#### Information provided:
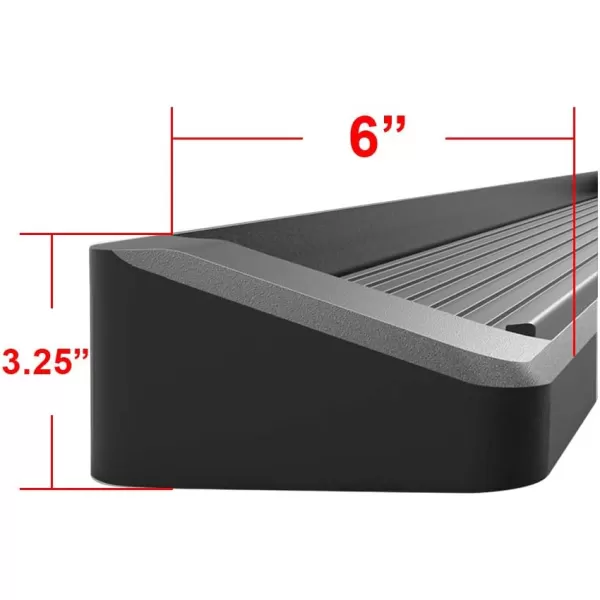imageAPS Running Boards 6in Black Compatible with Tacoma Extended Access Cab 0523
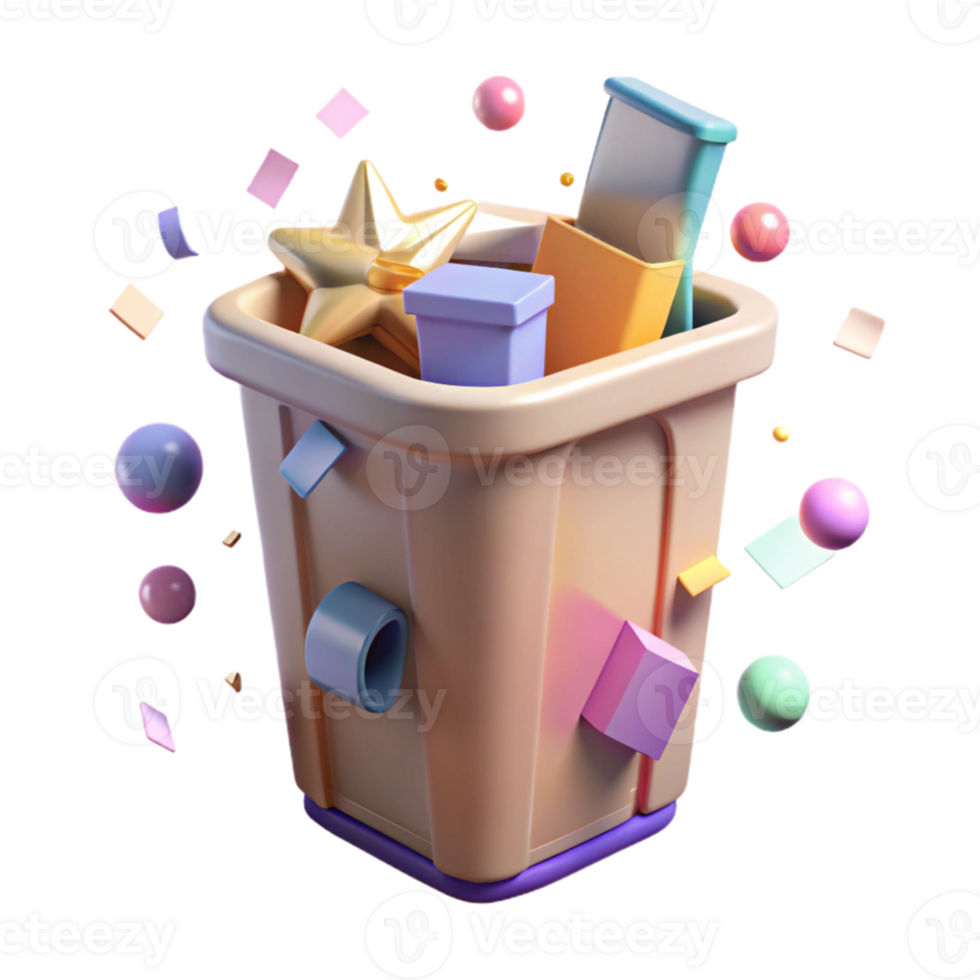 extraordinary traditional Recycle Bin with Paper and Cardboard Cutout detailed png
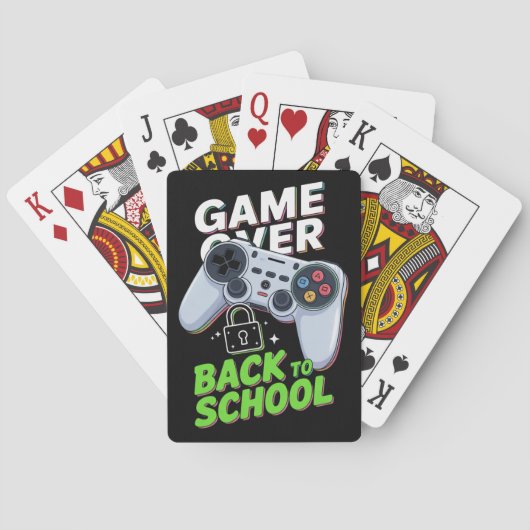 Game Over Terug naar school Grappige eerste school Pokerkaarten (Achterkant)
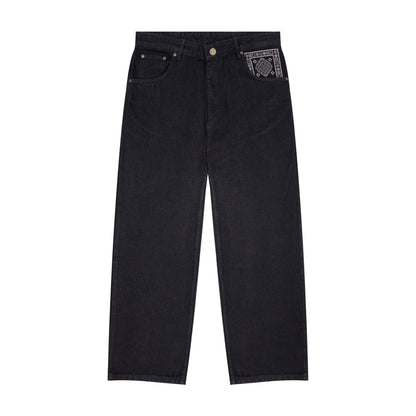 "aziza" red tinted Denim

#### What you are asked to do:
Leave the images aside and retype each line of the listing above exactly.

#### Solution for this task:
imageAPS Running Boards 6in Black Compatible with Tacoma Extended Access Cab 0523
 extraordinary traditional Recycle Bin with Paper and Cardboard Cutout detailed png
 Game Over Terug naar school Grappige eerste school Pokerkaarten (Achterkant)
 "aziza" red tinted Denim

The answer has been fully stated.